EXERCISE OBJECTIVE:
Give again, word for word, every line in the entries below from the line with "Aggello Boutique Hotel slide 2" up to and including the line with "Casa en venta", and no other line.

DATASET ENTRIES:
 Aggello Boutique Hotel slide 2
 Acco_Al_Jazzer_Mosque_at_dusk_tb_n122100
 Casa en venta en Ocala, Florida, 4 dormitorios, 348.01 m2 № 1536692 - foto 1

==

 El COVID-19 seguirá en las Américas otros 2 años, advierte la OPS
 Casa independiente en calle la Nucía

--

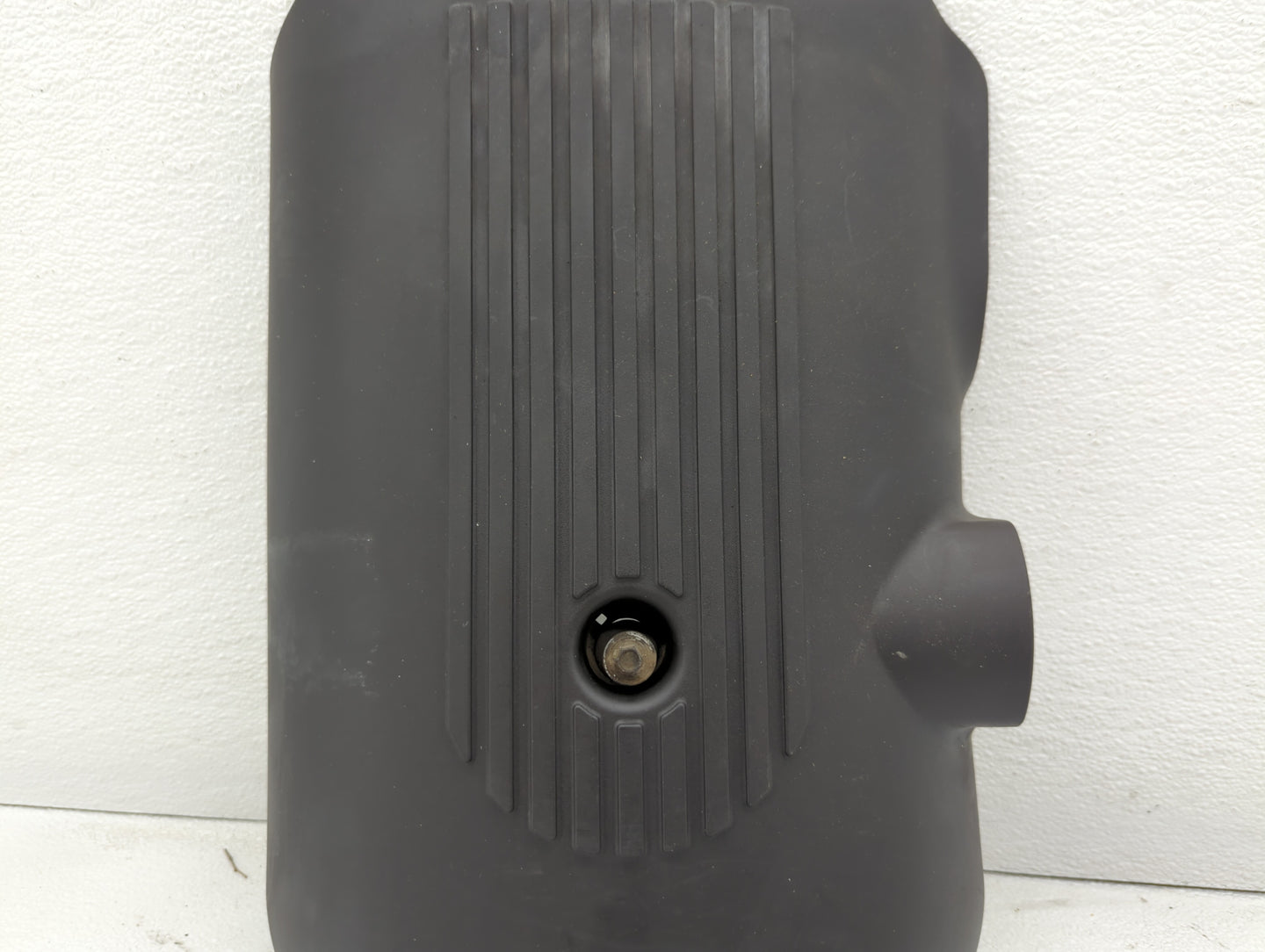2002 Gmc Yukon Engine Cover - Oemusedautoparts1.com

RESULT BELOW:
 Aggello Boutique Hotel slide 2
 Acco_Al_Jazzer_Mosque_at_dusk_tb_n122100
 Casa en venta en Ocala, Florida, 4 dormitorios, 348.01 m2 № 1536692 - foto 1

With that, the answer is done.